2018-12-12 Thread bugzi...@poradnik-webmastera.com
https://gcc.gnu.org/bugzilla/show_bug.cgi?id=88473

--- Comment #2 from Daniel Fruzynski  ---
I was playing with Compiler Explorer, to see how compilers optimize various
pieces of code. I found that next clang version (currently trunk) will be able
to analyze expressions which spans over vectors, masks and GPRs. I logged Bug
88476 to do something similar in gcc, please take a look. I think such approach
as in clang would be more beneficial.

In the past I also thought about template-based library, which would wrap
vector operations. One of unique concepts was to create separate types to hold
vector with bool values, and another one for int masks. With lazy instantiation
this should lead to faster resulting code. I did not try to write it yet, but
overall this approach look promising for me.

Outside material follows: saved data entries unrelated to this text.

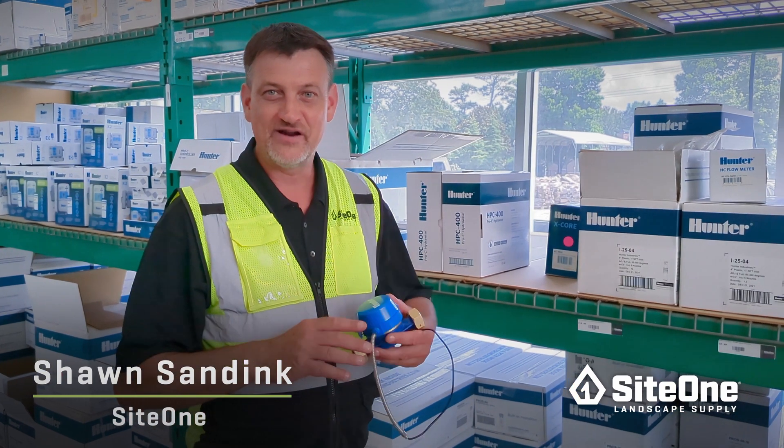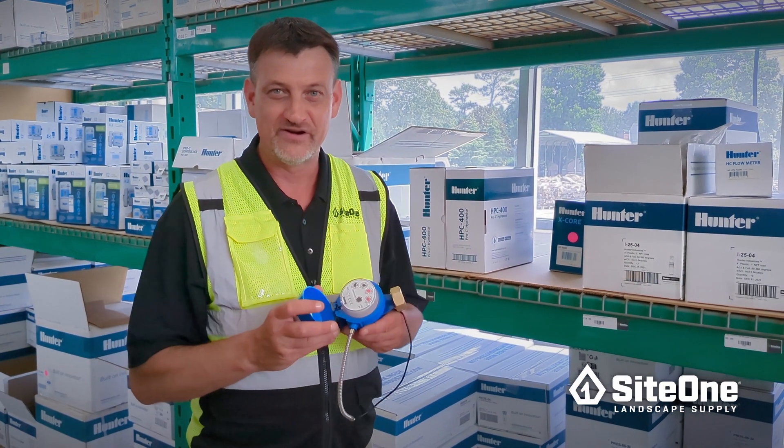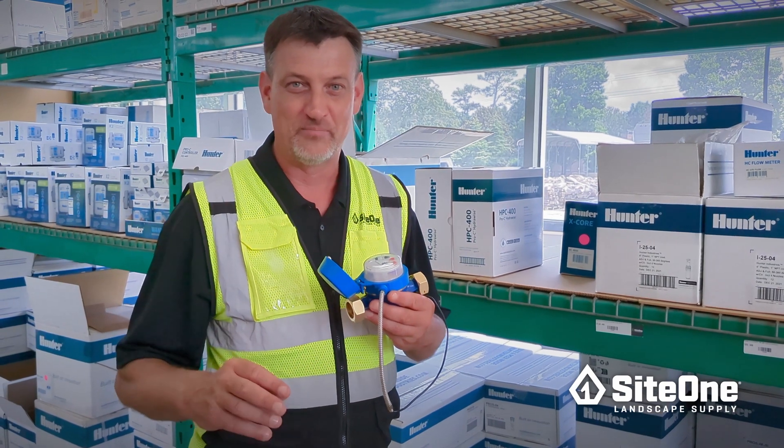Hi, it's Sean here at SiteOne today talking about adding a flow sensor to your irrigation system, and seeing how it can save your customers money while increasing your profits.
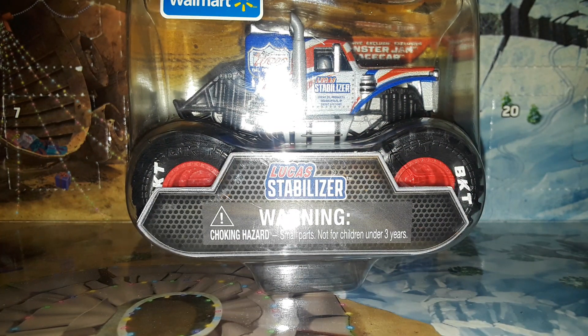Welcome back to Project 94 for another diecast review. We all know that the Backwards Bob Spin Master Monster Jam diecast review is the most popular video on the channel, so I figured let's show off some more Monster Jam Spin Master products — and maybe in the future some more monster truck diecast — because those seem to be pretty popular. I've got something pretty interesting today, it's a mix of both worlds almost.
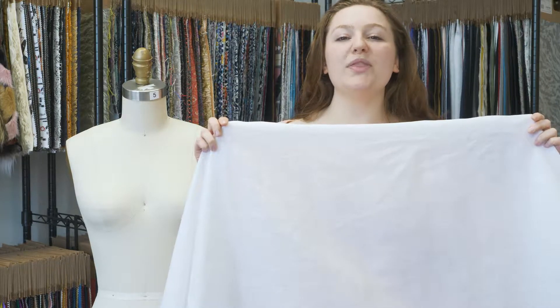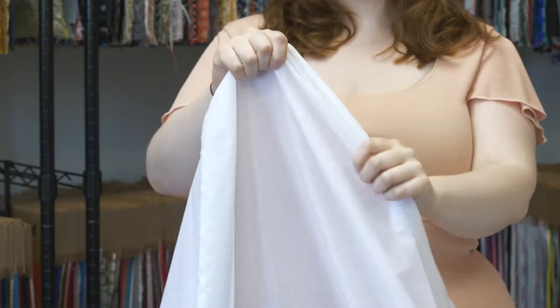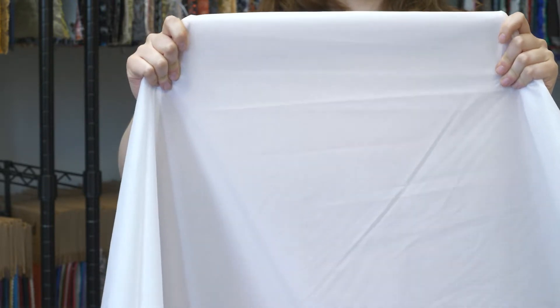This is product number FL21313, Mood's White Lightweight Linen Woven. This product is 7.88 ounces per yard with a 53 to 54 inch width. It has a soft textured hand and no stretch, though it is sheer. This product has a stiff bouncy drape.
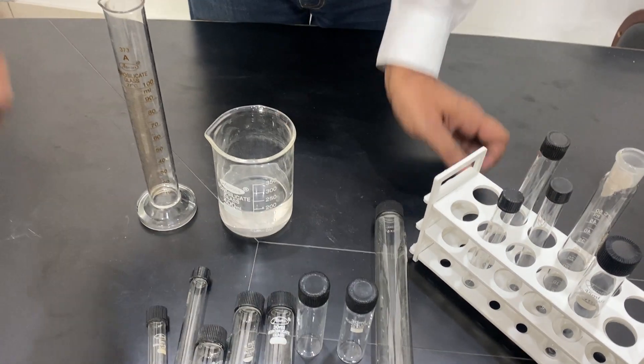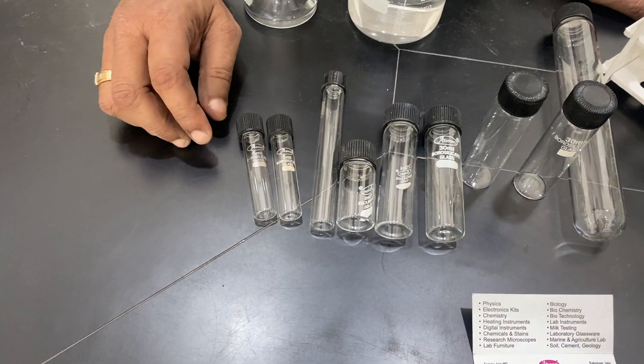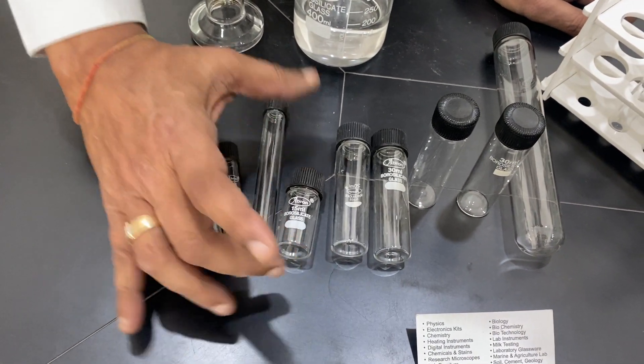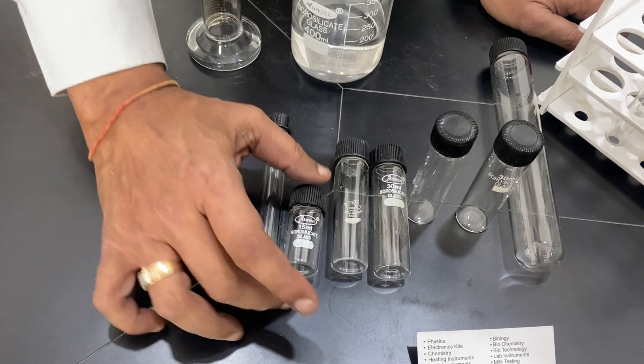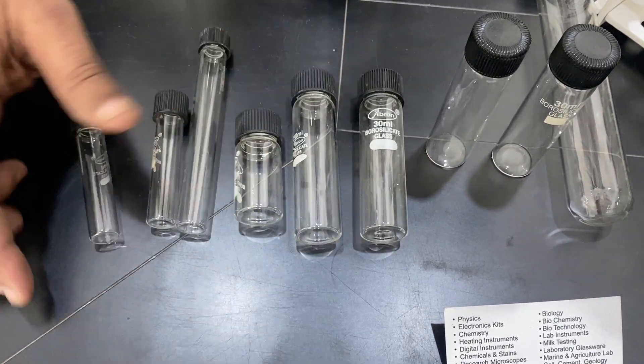They come with a flat bottom also, available in 2 ml, 5 ml, 10 ml, 15 ml, and 12 ml. This comes in two sizes: tall form and short form. These are 15 ml short form, and then 20 ml, 30 ml, and 50 ml.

With it such cases as in this bug
can 
appear as a side effect of inlining.

[Bug target/88473] AVX512: constant folding on mask does not remove unnecessary instructions

2018-12-12 Thread jakub at gcc dot gnu.org
https://gcc.gnu.org/bugzilla/show_bug.cgi?id=88473

Jakub Jelinek  changed:

   What|Removed |Added

 CC||jakub at gcc dot gnu.org

--- Comment #1 from Jakub Jelinek  ---
Well, if you want this constant folded, why are you using the _k* intrinsics at
all rather than just normal arithmetics on the __mmask8 etc. types?
The intrinsics are handled in GCC in a way to force those to be actually those
instructions.  We could surely implement those just by doing normal arithmetics
inside of the headers, but then it would be more likely that normal GPR
arithmetics would be used for those rather than mask logic etc. operations.